Diego Urdiales, de burdeos y oro, silencio tras un aviso y silencio. El Cid, de púrpura y oro, ovación y silencio. Iván Fandiño, que sustituyó a El Fundi, de verde botella y oro, silencio en los dos.

Los dos últimos toros de corrida y feria fueron de impropio acento y dejaron marcada la corrida de Victorino con un muy agrio sabor de boca. El quinto, por flojo, por emplearse al paso y con terrible desgana, sin chispa ni celo; el sexto, por bronco, áspero y por la manera de defenderse a bastonazos.

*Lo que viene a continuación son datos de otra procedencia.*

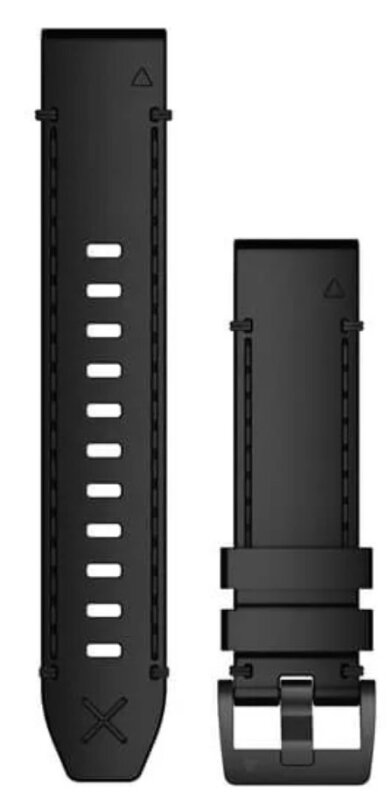 Garmin MARQ Uhrenarmband Quickfit 22mm Leder schwarz 010-12738-19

El Cid y su gente hicieron no poco por echar al quinto al suelo, la gente se erizó y reclamó la devolución del toro, el palco no compró y la lidia fue un pequeño disparate.

Se estaba fraguando una tormenta de verano, se encapotaron los cielos, se levantó viento, El Cid se puso donde pudo en medio de desquiciado ambiente. Eso se vivió en medio de una de esas confusas broncas tan de San Isidro. Desquiciadas, incongruentes, derrotistas. El sexto fue un amplio pajarraco de casi seiscientos kilos, degollado, embastecido, altísimo, perfil escaleno de testuz, dos leños formidables. Un derribo de caballo por los pechos, el único de la feria. El derribo fue a última hora la seña de identidad o la huella de un espectáculo pobre, mal atendido y entendido, seguido sin la devoción y el rumbo tan habitual en las corridas de Victorino en Madrid. Ésta se puso cuesta arriba a partir del tercer toro y entonces tomó torcida deriva. No compareció El Fundi y entró en su puesto un torero nuevo, Iván Fandiño, con aire de artista y no de gladiador. Lo superaron las intenciones del tercero de corrida, que lo cogió en un resbalón y le pegó una imponente paliza. Ese tercero, muy en santacoloma antiguo, con la cabeza enroscada en el tronco, fue toro encastado. En corto, se quedaba en las zapatillas; de largo venía pero había que traerlo tapado. No hubo acuerdo entre las partes. Y menos después de la paliza, que fue más accidente que cogida, pero hizo correr la voz de que la corrida traía perverso fondo.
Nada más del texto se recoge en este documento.